Thursday, January 15, 2009

Oh, Batman.

I'm not gonna spoil anything but... man. Final Crisis #6 was a weird reading experience. I can't think of too many comics where the weight of what happened didn't really hit me til after I put it down. I guess that's a good sign that I'm really caught up in what's going on.

There were a lot of twists, surprises, and otherwise notable goings-on in these pages, and there is a great interview with Grant Morrison about this biggest one of them all over at the Wizard website (note: this DOES include spoilers. Hell, even the html page name contains a spoiler).
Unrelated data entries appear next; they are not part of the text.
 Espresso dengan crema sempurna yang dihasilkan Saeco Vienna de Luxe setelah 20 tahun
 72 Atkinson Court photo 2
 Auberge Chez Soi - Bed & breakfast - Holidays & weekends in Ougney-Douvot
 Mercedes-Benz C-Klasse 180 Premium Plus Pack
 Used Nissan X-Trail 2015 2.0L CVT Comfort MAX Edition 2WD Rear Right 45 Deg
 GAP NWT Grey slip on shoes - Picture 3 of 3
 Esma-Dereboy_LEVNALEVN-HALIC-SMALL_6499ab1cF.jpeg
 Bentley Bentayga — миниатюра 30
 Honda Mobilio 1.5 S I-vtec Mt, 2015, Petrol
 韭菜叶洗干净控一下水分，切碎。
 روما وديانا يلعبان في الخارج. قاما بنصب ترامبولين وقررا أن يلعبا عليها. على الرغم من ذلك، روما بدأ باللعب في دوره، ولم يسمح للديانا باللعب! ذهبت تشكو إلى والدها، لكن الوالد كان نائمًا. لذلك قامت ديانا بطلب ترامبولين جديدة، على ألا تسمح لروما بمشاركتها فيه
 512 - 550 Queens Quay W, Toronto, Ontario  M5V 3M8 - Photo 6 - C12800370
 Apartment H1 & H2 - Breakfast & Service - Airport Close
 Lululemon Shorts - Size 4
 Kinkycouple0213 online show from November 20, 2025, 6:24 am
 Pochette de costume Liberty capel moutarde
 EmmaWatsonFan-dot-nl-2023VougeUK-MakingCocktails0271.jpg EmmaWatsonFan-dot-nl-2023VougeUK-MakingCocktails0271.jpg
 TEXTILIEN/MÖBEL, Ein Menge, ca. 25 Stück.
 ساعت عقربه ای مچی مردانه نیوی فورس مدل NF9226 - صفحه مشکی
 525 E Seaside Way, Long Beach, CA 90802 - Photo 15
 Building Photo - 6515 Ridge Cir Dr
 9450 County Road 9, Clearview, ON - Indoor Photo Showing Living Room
And although I don't want to talk about the meat of the interview yet, except to say that when you think about it what he says should be fairly obvious (once I read it it was like, "well duh, why didn't I think of that?"), I'd like to pull out this quote, more related to comics in general, which I really liked:

Once you've seen "Iron Man" and "The Dark Knight," why bother doing realistic superheroes because now the movies can do them better than anyone. I kind of feel that what it does is free up comics to be a little bit wilder. We've got great artists who can sit there with their pencils and draw anything. They're not limited by budgets. We shouldn't be following the storytelling techniques of Hollywood because they can do it really well. Comics can do all kinds of other things. They can be really crazy and wild and can really stretch the imagination and be really progressive.

This is a point that I feel bears repeating again and again and again. Why do people insist on seeing realism in super-hero comics? The Dark Knight has done the realistic superhero better, I think, than any comic ever could. But there is this feeling among certain comic creators and fans, I think, that comics are just cheap movies, or prototypical storyboards that somehow become more legitimate when they're put to the big screen. To put it bluntly, this is a stupid way of looking at things. Morrison and other creative comic talent (off the top of my head: Geoff Johns and Joe Kelly are two other examples--and I will speak about Joe Kelly's excellent I Kill Giants book at length later) are showing us that comics should not be beholden to the standards of Hollywood, but rather to their own set of standards, which cannot do everything a movie can but which can do some things better.

I think Scott McCloud would be proud.